“Getting your house in order and reducing the confusion gives you more control over your life.”
— Larry King
“It is the legitimate will, period, and I full believe it will hold up.”
— Shawn King
Larry King’s broadcasting career spanned nearly six-and-a-half decades. From his early days in Brooklyn, to radio work in Miami Beach, to a short stint as the Miami Dolphins color commentator, to a nationally syndicated radio program, to his stardom at CNN, King grew to be one of the great interviewers of American media.
He was also no stranger to the need for estate planning, the complexities of multiple layers to that plan, or the manner in which complex domestic situations can complicate it. He spoke often, in his later years, of his planning for the end of his life, and yet, upon his death in January, left a muddled situation that is ripe for lengthy and expensive litigation.
King’s father, Aaron Zeigler, and his mother, Jennie Gitlitz (“King” was Larry’s stage name), emigrated to the United States from Belarus shortly before his birth and less than a decade before the start of WWII. His father died when King was still a small child, plunging the family into poverty, and driving King away from school and into radio work.
King’s estate was relatively small at the time of his death — news reports suggest it was only about $2 million — though that may be because he had already dealt with many of his assets in a manner that would take them out of the probate process. Other sources list his net worth at nearly $50 million, suggesting that trusts, investments, predeath direct gifts, and other nonprobate assets made up the bulk of his holdings.
He was also married eight times to seven different women.
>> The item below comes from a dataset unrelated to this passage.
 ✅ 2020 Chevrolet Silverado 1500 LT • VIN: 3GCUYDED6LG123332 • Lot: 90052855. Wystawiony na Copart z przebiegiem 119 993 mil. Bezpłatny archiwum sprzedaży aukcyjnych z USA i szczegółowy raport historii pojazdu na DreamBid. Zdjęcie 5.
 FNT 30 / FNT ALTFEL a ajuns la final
He had five children (two of whom predeceased him), nine grandchildren, and four great-grandchildren. He didn’t meet his oldest child until that child was more than 30 years old. Even his most recent marriage was one that would tend to complicate estate planning, as he and his seventh wife were married in 1997, separated in 2010, filed for divorce, reconciled, and then actually did divorce in 2019.
When I have the opportunity to speak to groups or even individual people about changes to their estate plans, I always stress the same thing — openness. Litigation in estate matters most often arises because one surviving party thinks that the will or trust is going to say one thing when, in fact, it says something else, or that the will or trust once said something, but changes were made that the person doesn’t find out about until after the decedent passes away.
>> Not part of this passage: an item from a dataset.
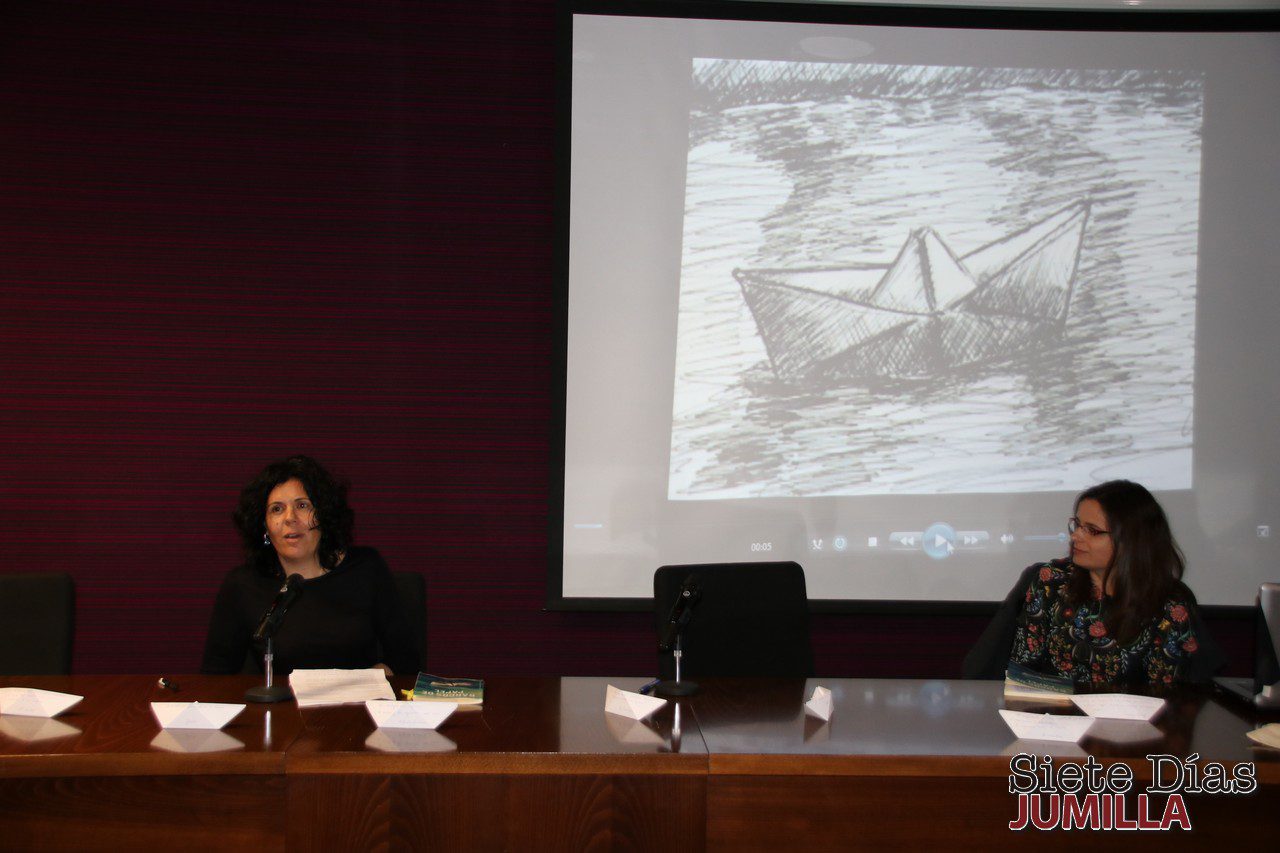 Los “Barcos de Papel” de María Pilar Pérez navegan próximos a una tercera edición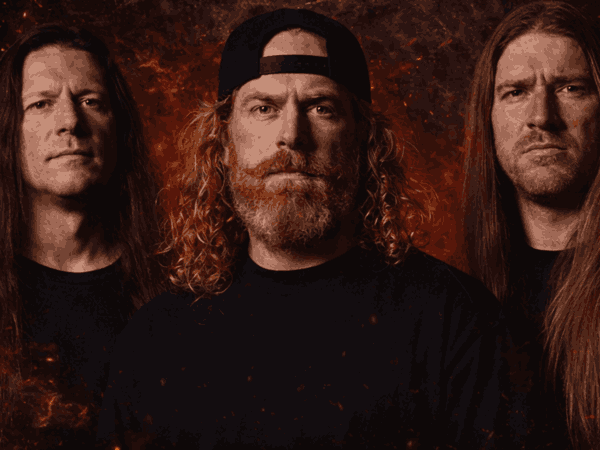 Dying Fetus anuncia show único em São Paulo celebrando 35 anos de carreira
The latter is the situation that the King family finds themselves in. King’s wife says that they had a “watertight” estate plan that they drew up in 2015, and that despite their marriage, she and King remained friendly, and that he had never communicated any changes in the will to her. But, following his death, it was revealed that after their divorce, King amended his will, leaving his estate to his children (or their surviving heirs) and not to his most recent ex-wife. She immediately told reporters that she believed the amendment was fraudulent and that she intended to sue to uphold the 2015 will.
There are many questions that a court will have to answer in a case such as this. First and foremost, whether the 2019 amendment meets statutory criteria to be considered valid. If not, then the 2015 writing is still in effect. If the court finds that the 2019 amendments are valid, then it will take testimony on whether King was coerced into making those changes, or whether he made them voluntarily. Testimony about his mental state at that time will likely be admissible.
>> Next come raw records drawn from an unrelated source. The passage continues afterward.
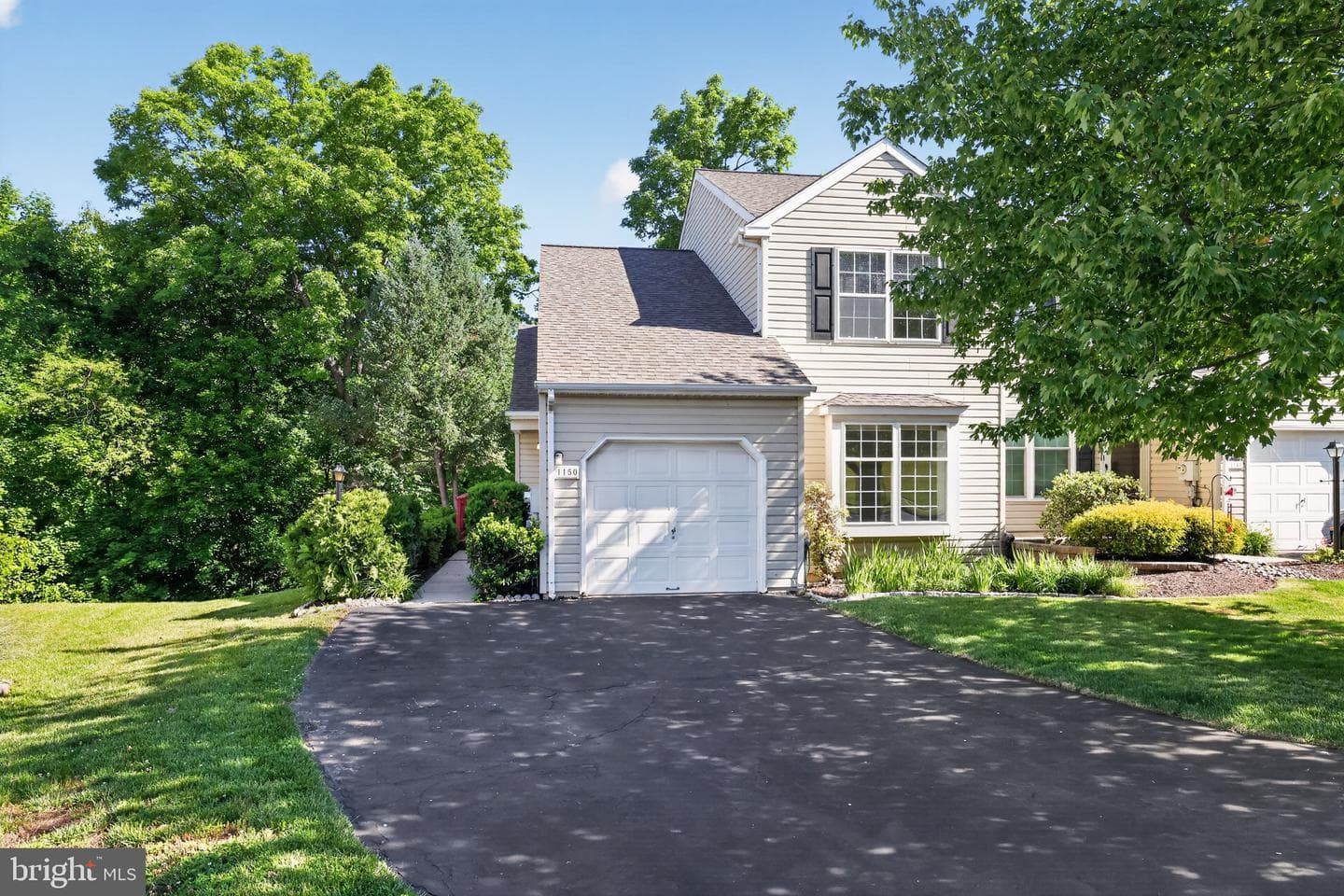 1150 Oxford Circle, Lansdale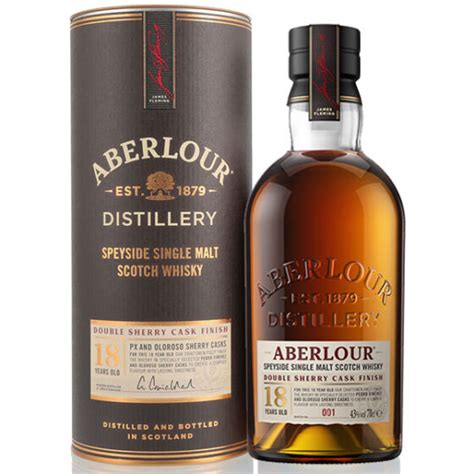 Aberlour Year Double Sherry Cask Finish Whisky Cl Schnapsdealer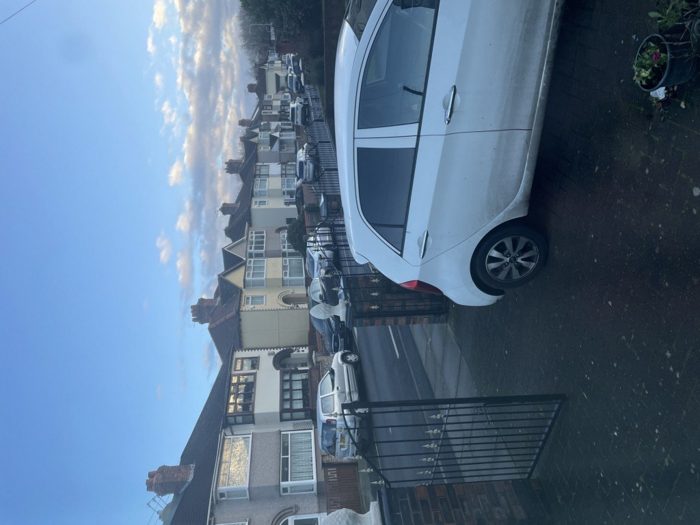 Photo of Bidston Road, Liverpool, L4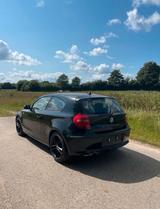 BMW 116i 122ps - BMW 116: 116i Ps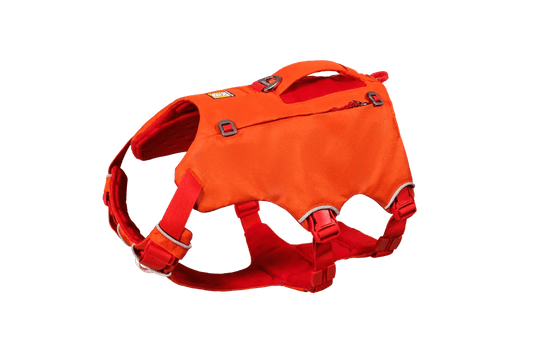 Palisades™ Pack (Ruffwear) - SnowPaw Store - Ruffwear - Active Dog Gear
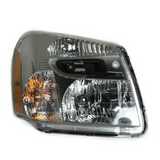 Reconditioned Oe Passenger Side Headlight Assembly For Chevrolet Equinox 2005-2009(GM2503254R)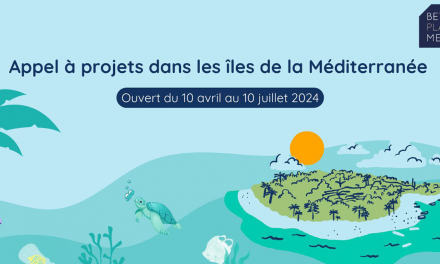 Monaco – L’Appel à Projets BeMed, pour la lutte contre la pollution plastique dans les îles méditerranéennes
If King was coerced into changing his will, it would certainly explain why the changes were not communicated to others before his death. But if he did so voluntarily, and with the intent of benefiting his children, then he could have saved them substantial grief by making those changes openly, with plenty of witnesses, and communicating them to his heirs so that there were no surprises.
Those conversations would certainly have been difficult for some, but in the end, they would have saved significant time, expense and uncertainty for the people he was hoping to benefit. And that’s the lesson that must be shared, and the reason I highlight the news about his estate here. Sometimes uncomfortable conversations are also necessary, and will ease the burden for loved ones down the road.